Prompt – Taking the line with "Scrapcooking Pâte à sucre bleu foncé - 250 g" as the first, copy every line through the end of the records below exactly. Do not include pictures.

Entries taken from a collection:
········
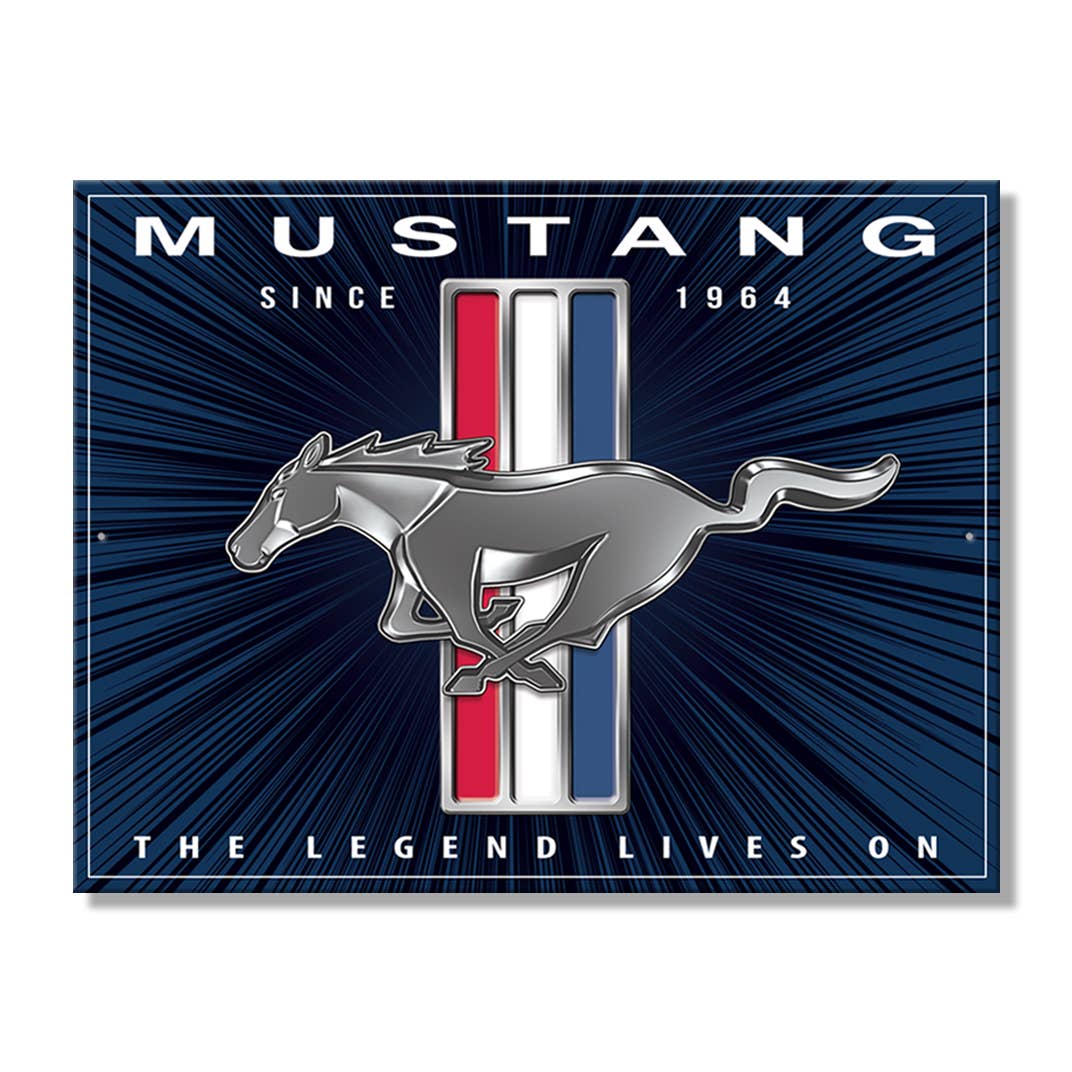 Desperate Enterprises Desperate Enterprises - SH - Mustang Lives On 10.75in. x 8.25in. Tin Sign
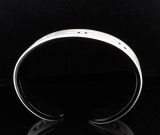 Vintage 2002 Chanel COCO Black & White CC Small Cuff Bracelet In Box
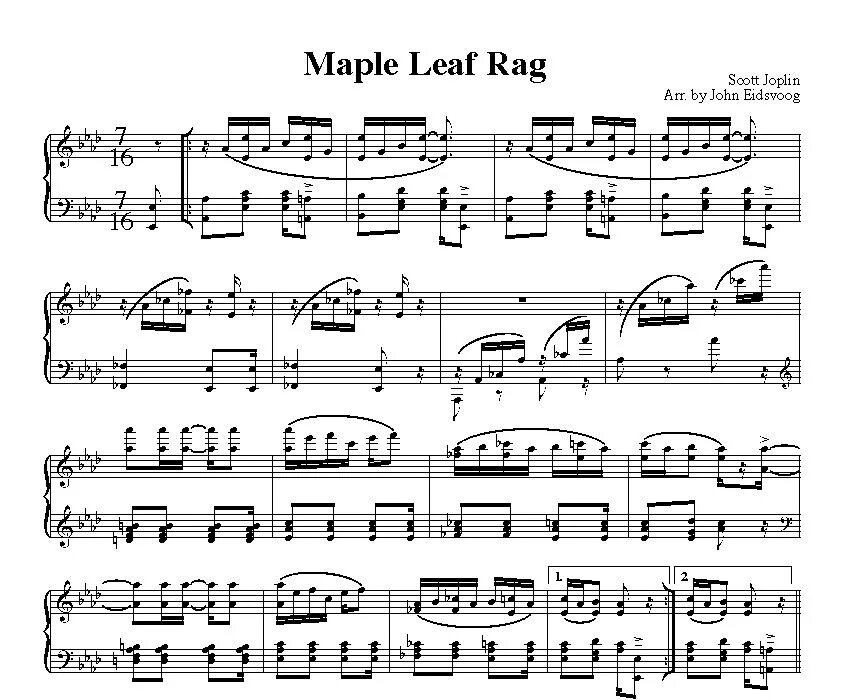 Maple Leaf Rag Ноты. Джоплин кленовый лист Ноты. Скотт Джоплин кленовый лист. Регтайм кленового листа Ноты для фортепиано.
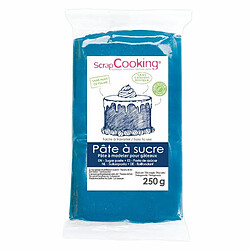 Scrapcooking Pâte à sucre bleu foncé - 250 g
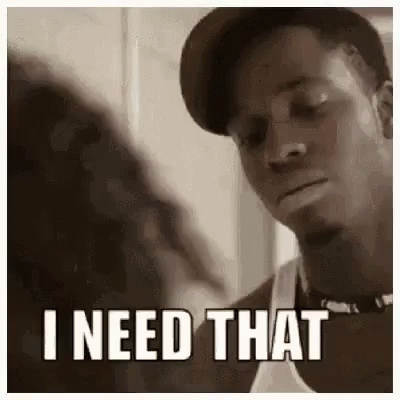 Man in Hat Saying I Need That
········
Written answer –
 Scrapcooking Pâte à sucre bleu foncé - 250 g
 Man in Hat Saying I Need That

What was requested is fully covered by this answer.